The sculptures can be used as points of departure to tell a more inclusive story. They don’t have to stay face down, but they should be taken off their pedestals. This would be a clear first step in acknowledging that history is complicated and that the people represented were just that— people, accomplished figures but not infallible gods.They were brilliant and flawed and complicated—fathers of American democracy and willing participants in an unjust and racist world. Coe’s president bronzes could be part of rotating art installations that tell the parts of history that have been underemphasized.
Do we need sculptures to achieve this? Maybe not. The presidents will loom large even without these bronze figures. History books can pick up the slack, but I’m partial to visible acknowledgments. The guys stood on pedestals in Portland for nearly a century as unassailable heroes; the undoing of this legacy could use some tangible and public illustration, too.
What to do with the bronze presidents is more complicated than what to do with a local celebrity like Scott. Even more fraught, in my opinion, are sculptures representative of a narrative or ideology especially relevant to our community: The Promised Land and Coming of the White Man are examples of that and they warrant different consideration (a subject for another time).
At its best, public art can be how our community tells stories about ourselves to ourselves. In the 21st century, it’s up to the community—as a whole—to carefully and thoughtfully consider the stories we want to tell. In the early 20th century, people with money (and power but mostly money) got to determine the story. Harvey Whitefield Scott’s family wanted the story to be about Scott. Henry Waldo Coe wanted the story to be about the “great men” of the United States. By pulling these monuments down, some Portlanders have forcefully indicated that they want to tell something else.
Many cities across the United States have ballot referendums for November 3 centered on what to do with public monuments, mostly monuments to the Confederacy. This principle of direct community involvement facilitates a more collective decision as to how the community wants to represent itself. It’s certainly more representative than paying to put up a sculpture of your husband.

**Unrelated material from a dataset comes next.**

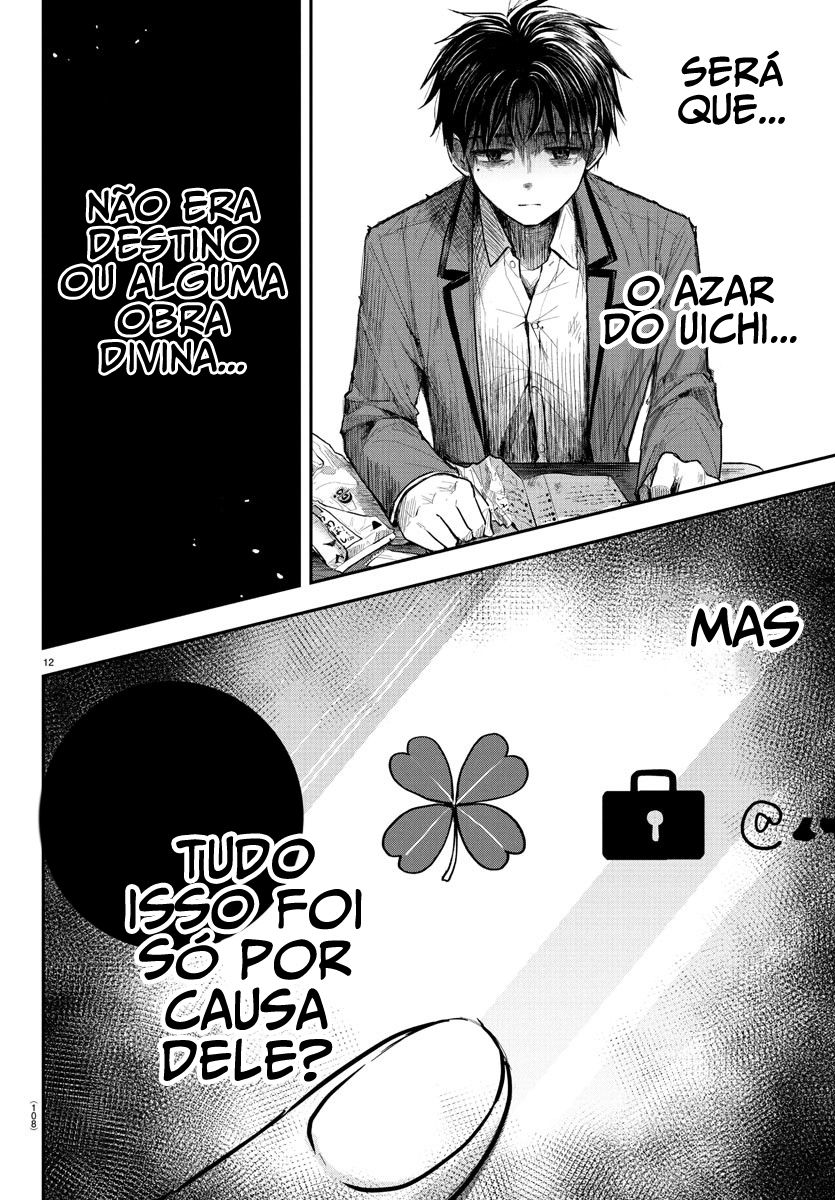 Read You Are a Four Leaf Clover PT Manga Online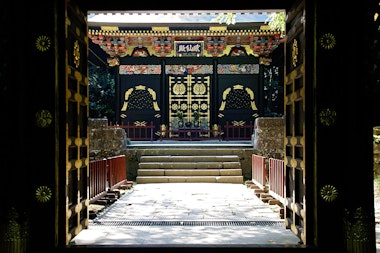 Zuihōden (Grave of Date Masamune)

I (obviously) have opinions on public art, but I’m not any authority—my goal is only to participate in the community conversation. Portland’s Regional Art and Culture Council (RACC) will make the final decisions on the art itself. RACC has gone to great lengths to be representative of the diverse community it serves. The organization’s 2015 equity statement ends with the statement “we commit to humility, optimism, and respect.” It’s hard to feel confident about anything right now, but if those values are centered, I think we’ll be just fine.